An Explainer refers to a component or tool that is specifically designed to provide explanations for the decisions made by an AI model. Explainers help bridge the gap between the complexity of AI algorithms and the need for human users to comprehend the rationale behind AI-generated outputs. Explainers can take various forms, such as textual or visual explanations, highlighting important features that influenced a decision, or presenting a step-by-step breakdown of the decision-making process. The purpose of an explainer is to make the AI system more interpretable and to enable users to trust and validate the system’s outputs, especially in sensitive domains like healthcare, finance, and criminal justice.

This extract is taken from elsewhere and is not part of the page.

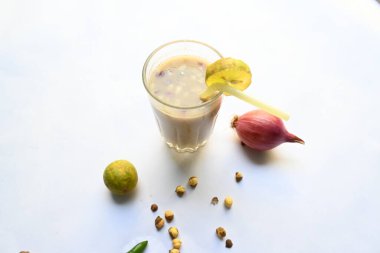 Sattu Sharbat. Hindistan 'da yaz mevsiminde popüler bir içkidir. Sattu tozu ya da kavrulmuş Bengal Gram unundan kızarmıştır. Sattuyu su, tuz, soğan, nane ve kişniş yapraklarıyla karıştırarak hazırlanır..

Parameterized Explainer for Graph Neural Network

Despite recent progress in Graph Neural Networks (GNNs), explaining predictions made by GNNs remains a challenging open problem. The leading method independently addresses the local explanations (i.e., important subgraph structure and node features) to interpret why a GNN model makes the prediction for a single instance, e.g. a node or a graph. As a result, the explanation generated is painstakingly customized for each instance. The unique explanation interpreting each instance independently is not sufficient to provide a global understanding of the learned GNN model, leading to the lack of generalizability and hindering it from being used in the inductive setting. Besides, as it is designed for explaining a single instance, it is challenging to explain a set of instances naturally (e.g., graphs of a given class). In this study, we address these key challenges and propose PGExplainer, a parameterized explainer for GNNs. PGExplainer adopts a deep neural network to parameterize the generation process of explanations, which enables PGExplainer a natural approach to explaining multiple instances collectively. Compared to the existing work, PGExplainer has better generalization ability and can be utilized in an inductive setting easily. Experiments on both synthetic and real-life datasets show highly competitive performance with up to 24.7% relative improvement in AUC on explaining graph classification over the leading baseline.